As one of the world’s most prominent religions, Christianity has had significant influence over most regions, reaching every major continent and finding places in culture, art, and politics. Many practicing Christians, as well as members of other religions, may not fully know the history of Christianity’s origins or its development over time. While knowing the history of Christianity may not be essential in everyday life, being aware of how it came to be the major religion it is today can help shed light onto why it is so popular in countries around the globe.
Emerging from a small sect of Judaism, Christianity came about in the first century of the current era. As Christianity formed into its own religion, it also drew from Greco-Roman cultural influences.

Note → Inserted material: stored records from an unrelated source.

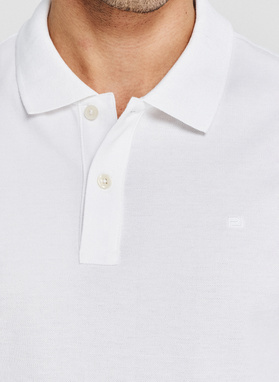 Białe męskie polo z bawełny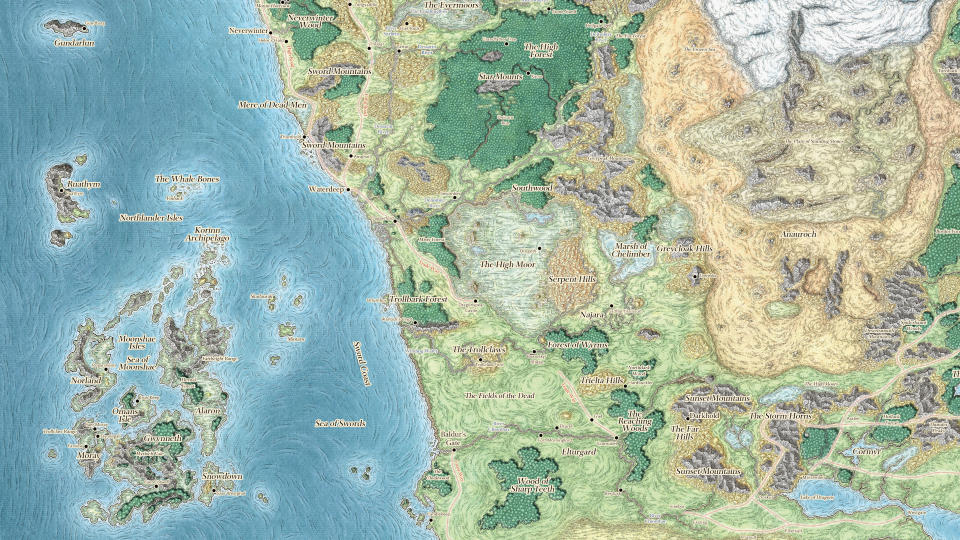 A map of the Forgotten Realms from D&D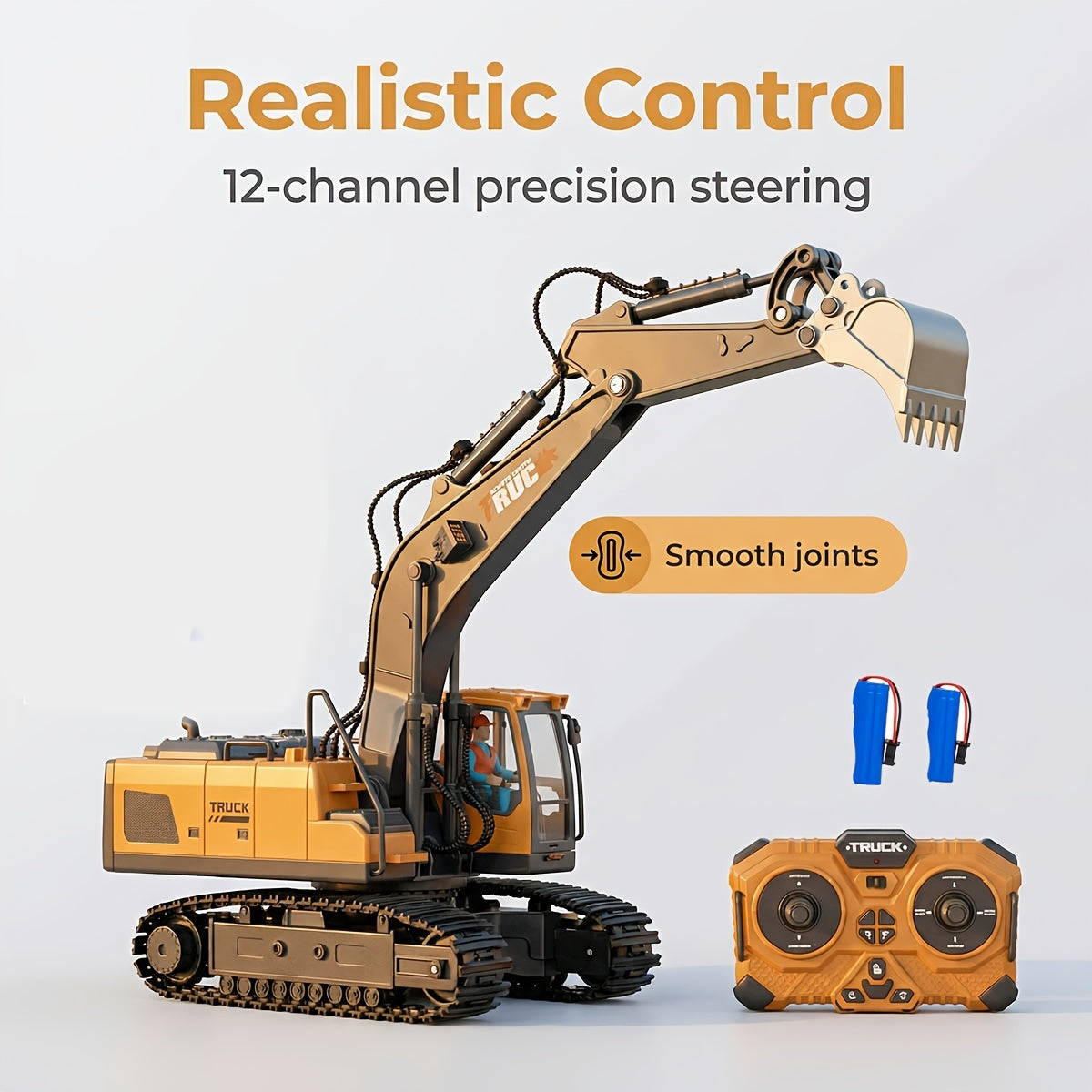 Vehículo de construcción con control remoto amarillo de 13 canales, excavadora, camión volquete, bulldozer, regalo perfecto para cumpleaños, Halloween y Navidad de niños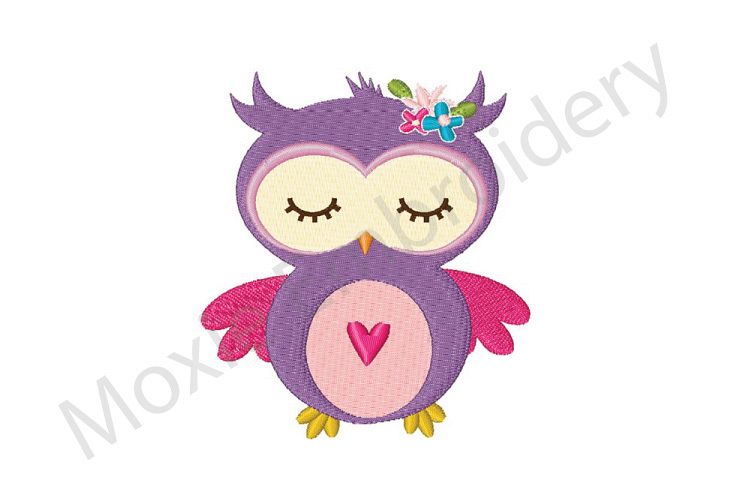 Owl Embroidery Design, Purple Owl Embroidery Design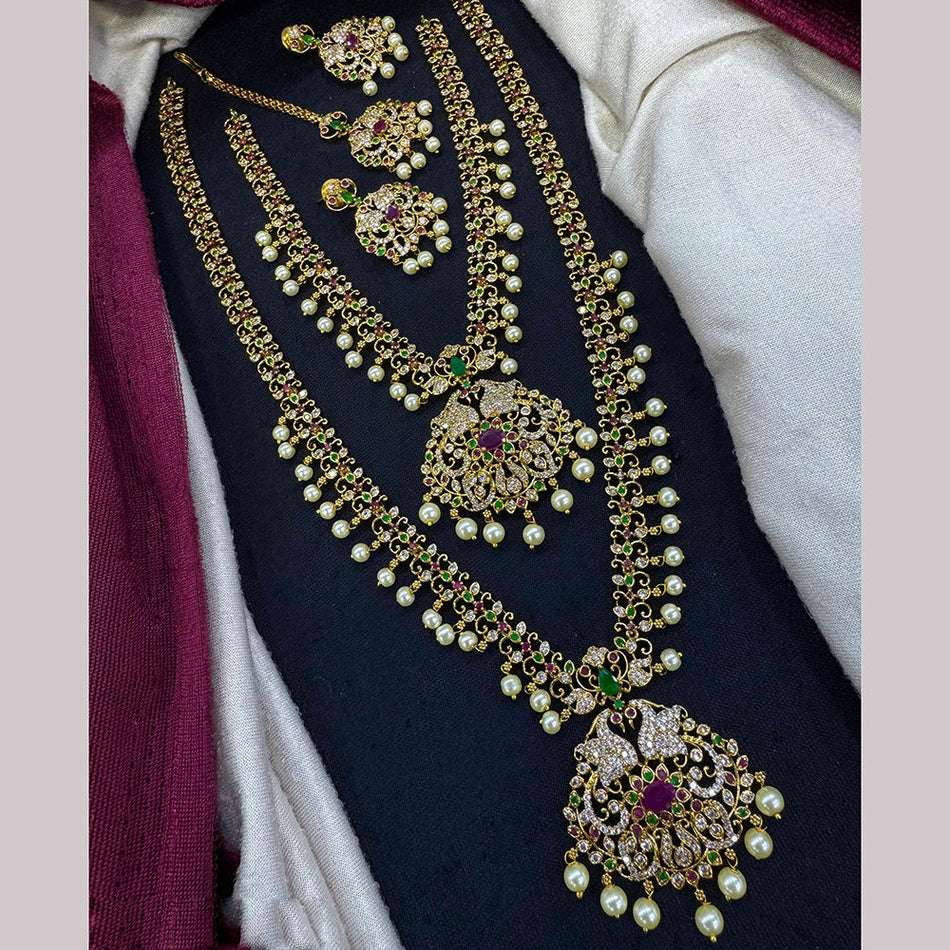 Imperial Gold Plated Necklace with Australian Stones and Pearls | Bridal Jewellery India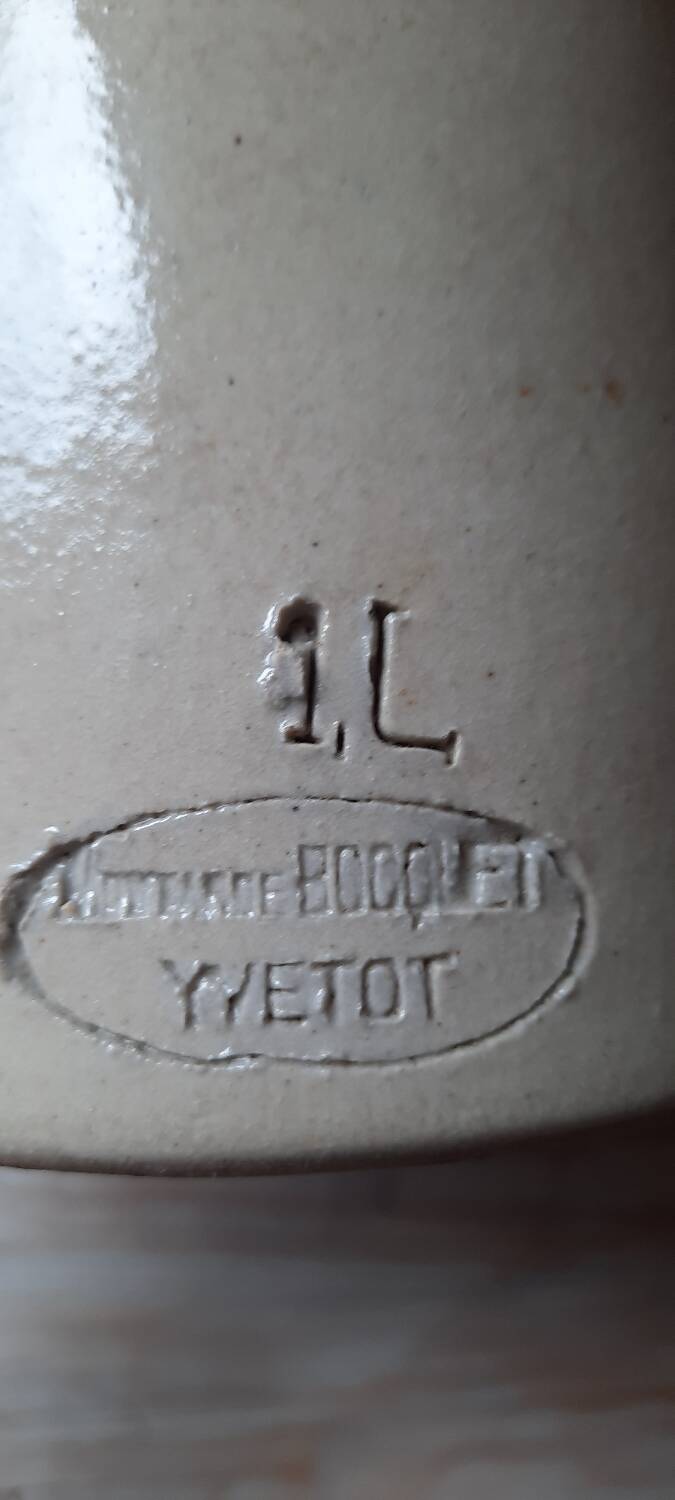 Old mustard pot Yvetot varnished stoneware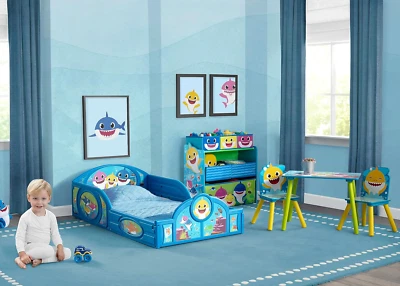 Baby Shark Plastic Sleep and Toddler Bed + Baby Shark Table and Chair Set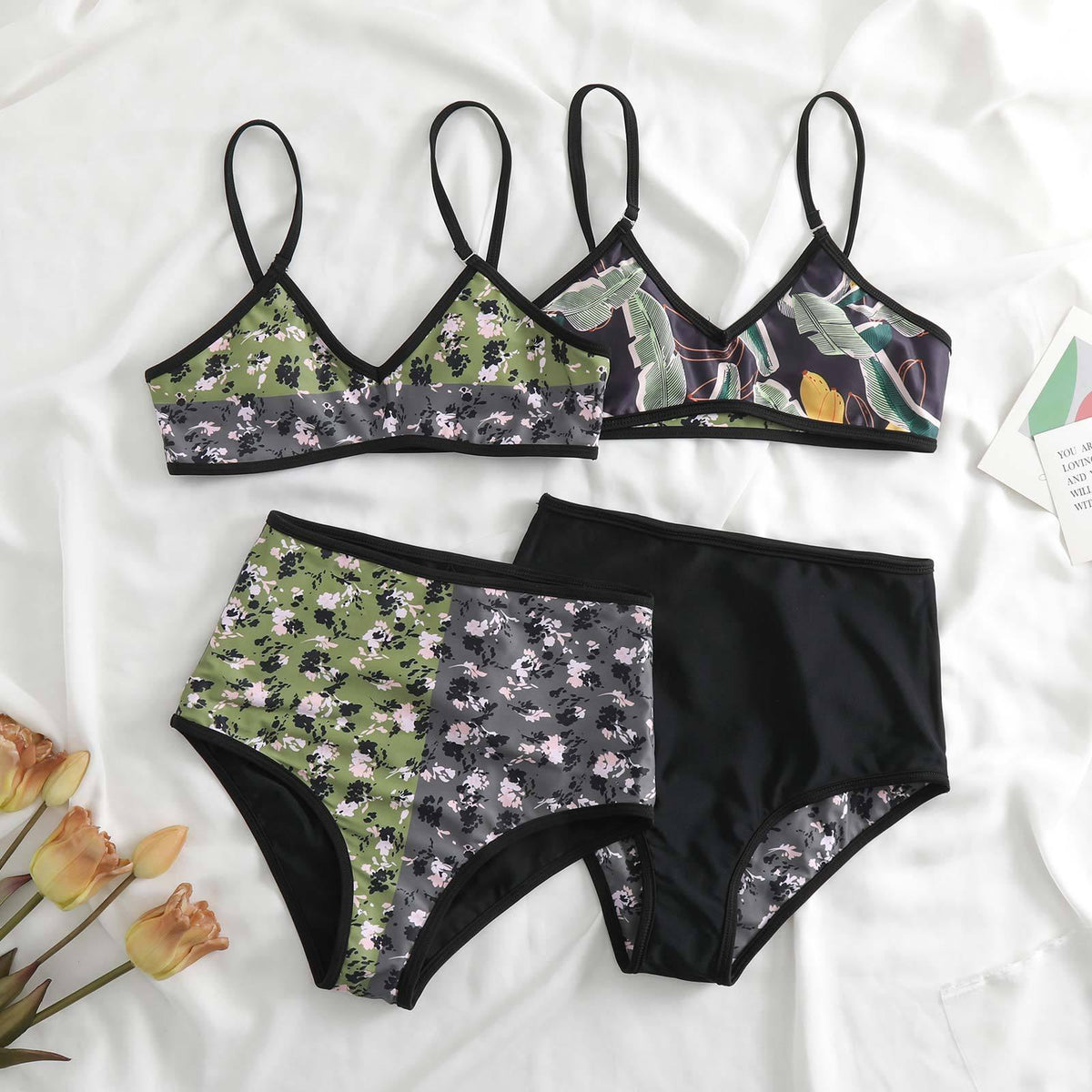 Ladies Spaghetti Strap Bikini Set with Skirt Cover Y106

In the Jewish faith, practitioners abide by laws or codes that guide their daily lives; these rules are believed to be from their god, Yahweh, as dictated through prophets. The Jewish people were involved in a number of religious wars and suffered several defeats. At this point, around 587 BCE, Jewish prophets announced that their god would send a (a Herbrew word meaning “anointed one”) to bring Israel independence once again.
By the time the first century of the current era rolled around, many individuals had come forward, claiming to be messiahs and rallying the Jewish people to rebel against Greek and Roman rule. In 70 CE, a group of Jewish individuals known as Zealots led a revolt against Rome, resulting in the defeat of the Jewish people and the destruction of Jerusalem.
There are notable similarities between Judaism and Christianity, from the belief of a singular god and the acknowledgement of Jesus as a notable figure.
Jesus in History
Christianity has always focused on the life and teachings of Jesus. Most scholars believe that Jesus was a real, living person. The religious interpretations of this figure, however, vary. In the Christina faith, it is believed that Jesus was the son of God, born to the virgin Mary, who died on the cross and came back to life three days later. This differs from the modern Jewish understanding in which Jesus was a mortal man.
Despite these discrepancies, there are some common understandings pertaining to the life of Jesus. It is believed that he was raised Jewish and aimed to reform Judaism rather than establish an entirely different religion. His teachings, recorded in the Bible as parables, discuss morality, ethics, and humanity, highlighting kindness, generosity, and charity among other values. These parables also featured lessons that were more religious in nature, encouraging listeners to love God, ask God for forgiveness, and acknowledge that Jesus was the Messiah and had been granted the power to forgive human sin.
Beyond his teachings, Jesus’ death by crucifixion remains an important part of Christianity to this day. It is believed that he died somewhere around the year 30 of the current era. Accusing him of blasphemy among other crimes, Pontius Pilate sentenced Jesus to death after other Jewish leaders pressured him. However, the Christian faith maintains that, three days after being buried, Jesus’ body went missing from his tomb; subsequent records suggest that other individuals saw him following this incident, and it is then believed that, following his resurrection, Jesus ascended into Heaven.
After the end of Jesus’ life, his stories, messages, and legacy were passed around, primarily by his 12 disciples, in an effort to spread the word of God and convert others into believers of the religion. Now, more than 2 billion individuals around the world consider themselves to be of the Christian faith.
The Early Days of Christianity
The first Christian church allegedly formed just 50 days after the death of Jesus. Most of the initial followers had converted to Christianity from Judaism, but it did not take long for Gentiles to convert, as well. These early followers believed it to be their duty to convert as many individuals to Christianity as they could.
One of the earliest, and arguably among the most influential, converts to Christianity was a man named Paul, a Pharisee, who had initially persecuted early Christians . He traveled in Asia, Africa, and Europe, establishing churches and spreading messages about Christianity after proclaiming that he had had an enlightening experience, as described in the book of Acts. With his change of heart and beliefs, Paul worked to increase exposure of Christianity and is also believed to have written multiple books in the New Testament himself.
The Bible also has its origins in these early days. Written by 66 different authors, the Bible is divided into two sections: the Old Testament and the New Testament. The Old Testament was written prior to Jesus’ death and is also recognized as a holy text by the Jewish people. However, the New Testament was a later addition inducted following Jesus’s death, documenting his life, teachings, and death.
The history of Christianity is relatively young when compared to some religions, particularly those in Asia, but it has compelled billions of people around the world to abide by its codes and moral lessons.